The Asahi Linux folks are building their own SecureBoot chain[1].

I guess you could argue they shouldn't have to do that. But it feels reasonable to me that that the party you're trusting should be the one who builds the trust chain.

1: https://asahilinux.org/docs/platform/open-os-interop/#m1n1

I don’t disagree with your post but I’m still unclear on how you envision gatekeeper should work.

You want the ability to choose a different “authorities” that verify and sign binaries? That makes sense to me but is unlikely to relieve any of the issues in the post.

Also what do you mean by “even yourself?” What would that option look like?

  • You could like, just trust a single binary. Have a button right there in the popup that already shows up.
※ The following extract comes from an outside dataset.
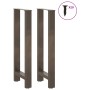 Patas para mesa de centro de acero natural 2 uds 40x(100-101)cm von , Tischbeine - Ref: Foro24-4013339, Preis: 106,65 €, Raba...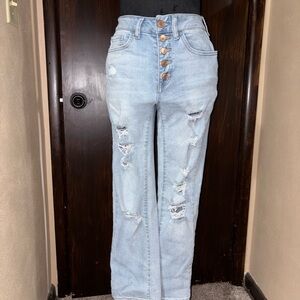 SO Blue Flare Wide Leg Jeans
    • Maybe “Gatekeeper Light” hidden under advanced settings would satisfy everyday users + the technical crowd

      For plenty of users, a button right there in the popup is almost the same as no Gatekeeper for most scenarios, but if we can handle it why not let us

I want the ability to run any linux distro on my macbook, like I can with any other computer that is not a macbook.

  • Macs have enough open firmware to allow you to run any OS that you want. Linux Asahi only supports a certain subset of modern Mac HW, if you want to speed up development you should probably contribute to that project.

  • The Asahi team does upstream their work, so eventually this will be possible with the M1 Macs. But it's an uphill battle because it's a reverse engineering effort on undocumented hardware that has a different separation of duties between firmware, hardware, and operating system than other systems that Linux already supports. It's a wonderful project, but if you want timely Linux support, you have to buy from a vendor whose chipset makers more proactively cooperate with Linux kernel developers.

    It would be wonderful if Apple shipped the Asahi team a bunch of docs hardware, and commissioned them to complete+productionize support for every single Apple Silicon Mac released up until now plus the upcoming gen. If they did that, maybe in one year support would be great and in two or three years, you coule use any distro you liked and get full support.

    But that's not really who Apple is or how they position themselves in the market afaict. This wish is sadly barking up the wrong tree.

  • Easy, don't buy Apple, I don't.

    Apple computers that I use are project assignments.